Exercise prompt: Copy out precisely the lines from the start of the data through the line with "kolektiv, autorů, Úžasné", and keep pictures out of it.

# # #

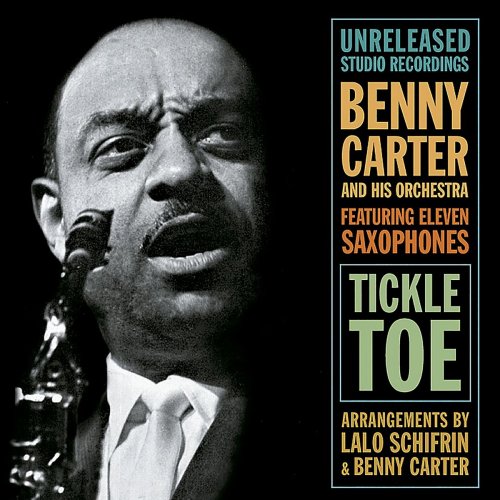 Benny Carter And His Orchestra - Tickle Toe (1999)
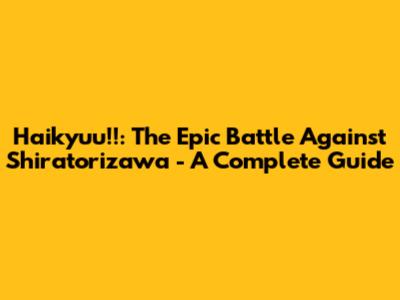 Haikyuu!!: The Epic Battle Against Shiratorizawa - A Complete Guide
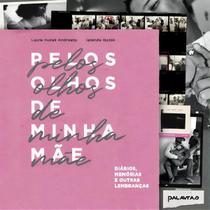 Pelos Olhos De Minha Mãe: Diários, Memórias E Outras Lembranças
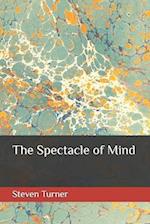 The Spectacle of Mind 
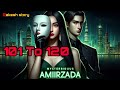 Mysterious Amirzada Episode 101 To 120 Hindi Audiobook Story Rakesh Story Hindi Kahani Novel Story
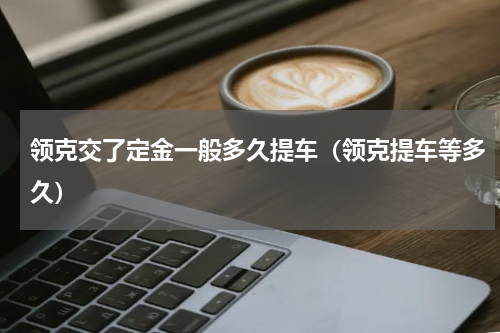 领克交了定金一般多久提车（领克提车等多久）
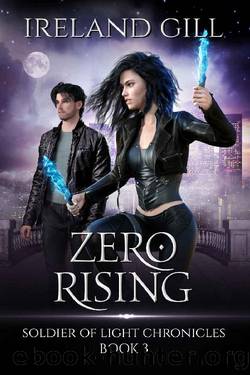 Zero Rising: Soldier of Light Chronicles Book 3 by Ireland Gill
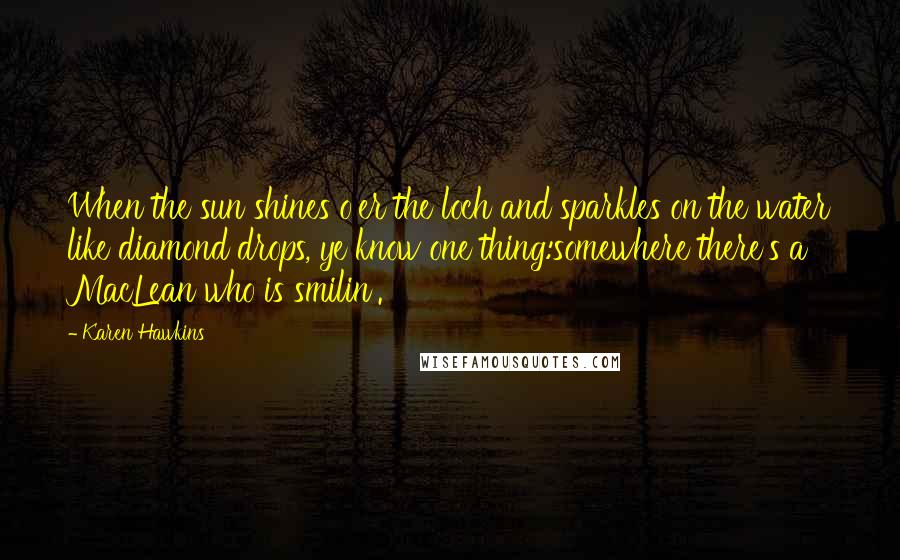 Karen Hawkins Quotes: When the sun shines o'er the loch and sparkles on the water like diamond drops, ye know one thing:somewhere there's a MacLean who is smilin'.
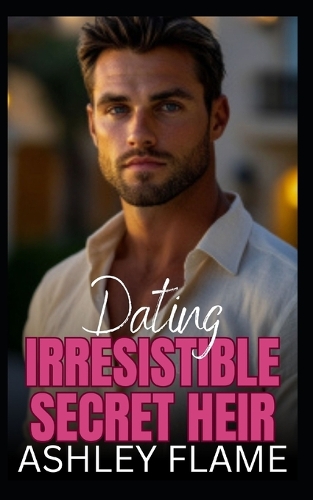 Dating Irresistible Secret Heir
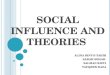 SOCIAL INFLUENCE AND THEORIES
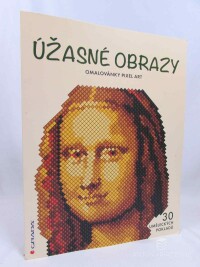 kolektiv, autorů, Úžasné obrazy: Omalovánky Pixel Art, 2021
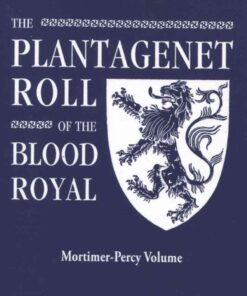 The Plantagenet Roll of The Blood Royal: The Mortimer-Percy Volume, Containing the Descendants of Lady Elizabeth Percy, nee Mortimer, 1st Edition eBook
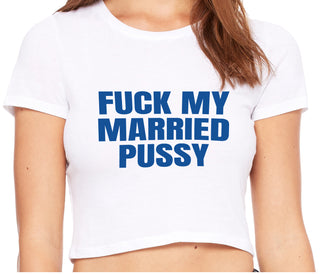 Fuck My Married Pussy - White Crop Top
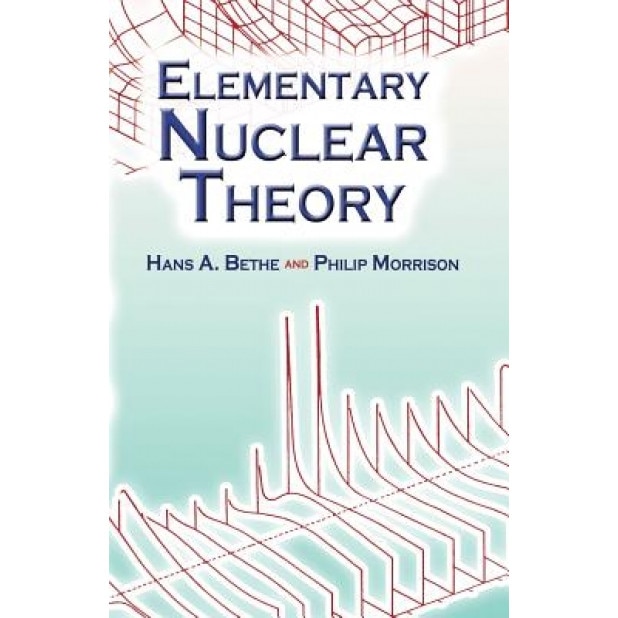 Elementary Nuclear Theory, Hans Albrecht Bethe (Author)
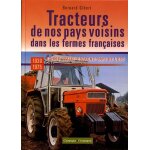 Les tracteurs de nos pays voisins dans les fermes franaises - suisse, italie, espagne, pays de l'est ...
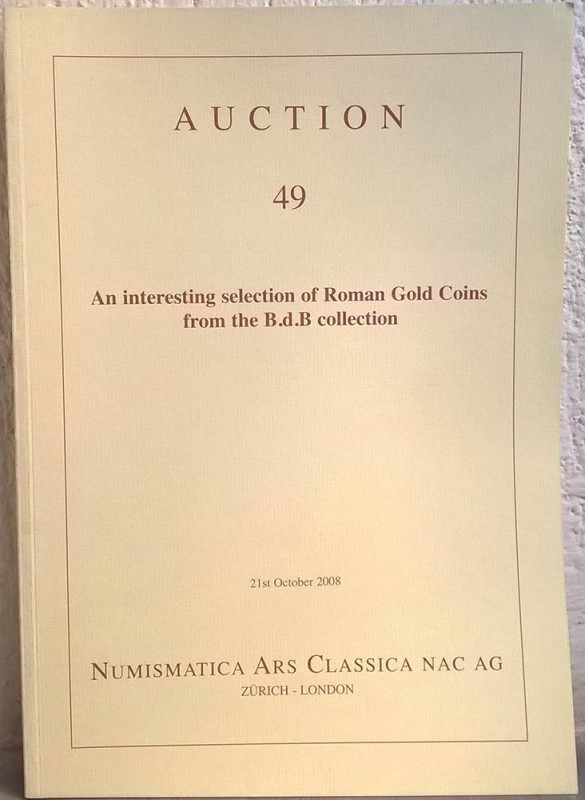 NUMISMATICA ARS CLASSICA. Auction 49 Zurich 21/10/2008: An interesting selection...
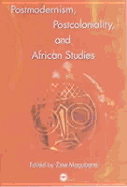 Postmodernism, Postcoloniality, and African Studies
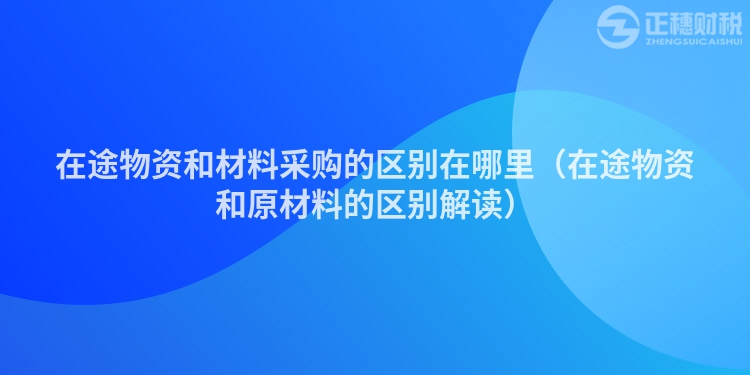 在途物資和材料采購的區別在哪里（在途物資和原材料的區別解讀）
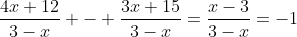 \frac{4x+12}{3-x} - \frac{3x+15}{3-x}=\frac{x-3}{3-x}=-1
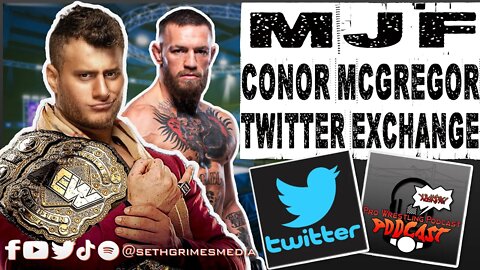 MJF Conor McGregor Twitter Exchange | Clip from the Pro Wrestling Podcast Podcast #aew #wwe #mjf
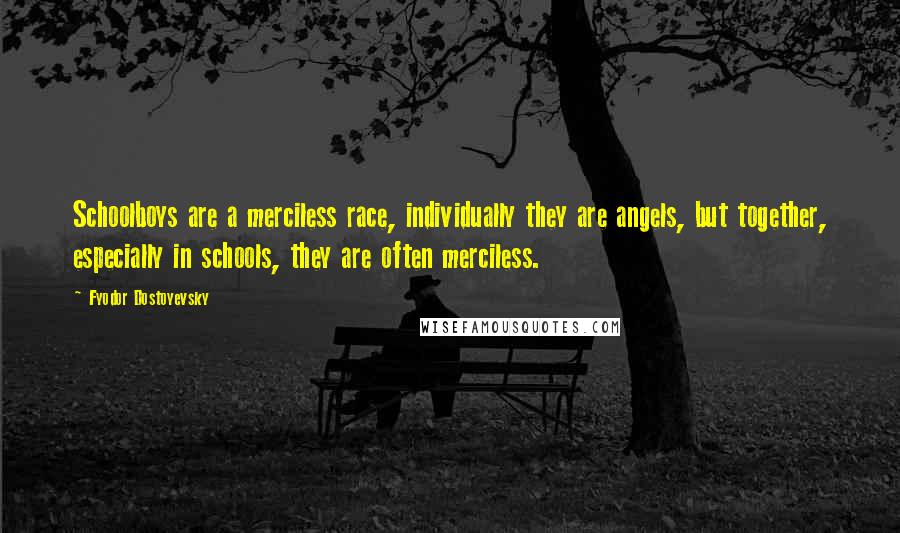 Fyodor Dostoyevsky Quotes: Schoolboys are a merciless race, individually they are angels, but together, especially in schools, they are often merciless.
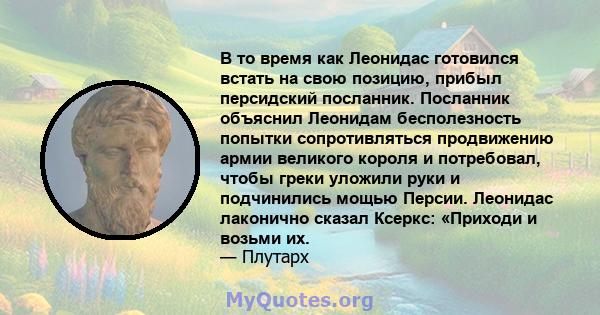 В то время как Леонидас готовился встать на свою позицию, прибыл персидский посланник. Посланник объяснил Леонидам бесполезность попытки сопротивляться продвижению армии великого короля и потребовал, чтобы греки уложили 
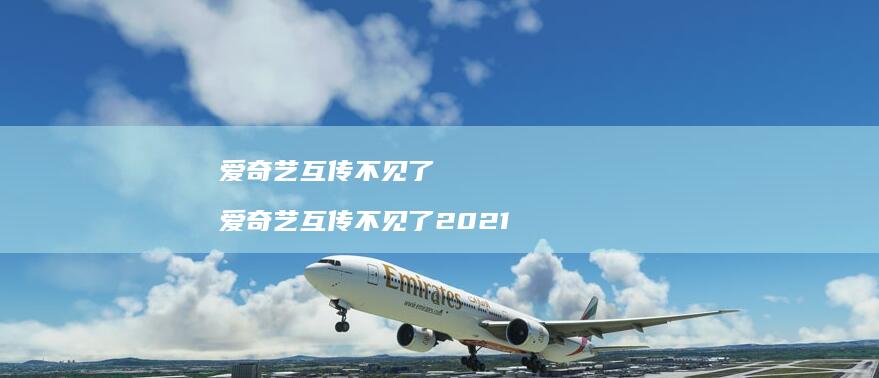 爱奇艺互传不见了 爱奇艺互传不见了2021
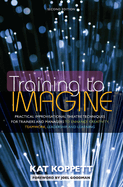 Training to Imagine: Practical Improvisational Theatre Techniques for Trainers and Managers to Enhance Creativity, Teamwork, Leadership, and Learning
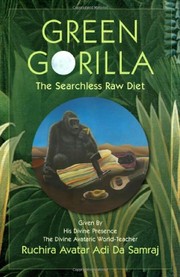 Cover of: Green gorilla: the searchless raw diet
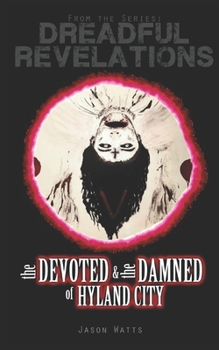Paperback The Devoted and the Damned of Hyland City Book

# # #

Exercise response:
 Benny Carter And His Orchestra - Tickle Toe (1999)
 Haikyuu!!: The Epic Battle Against Shiratorizawa - A Complete Guide
 Pelos Olhos De Minha Mãe: Diários, Memórias E Outras Lembranças
 The Spectacle of Mind 
 Mysterious Amirzada Episode 101 To 120 Hindi Audiobook Story Rakesh Story Hindi Kahani Novel Story
 领克交了定金一般多久提车（领克提车等多久）
 Zero Rising: Soldier of Light Chronicles Book 3 by Ireland Gill
 Karen Hawkins Quotes: When the sun shines o'er the loch and sparkles on the water like diamond drops, ye know one thing:somewhere there's a MacLean who is smilin'.
 Dating Irresistible Secret Heir
 SOCIAL INFLUENCE AND THEORIES
 kolektiv, autorů, Úžasné obrazy: Omalovánky Pixel Art, 2021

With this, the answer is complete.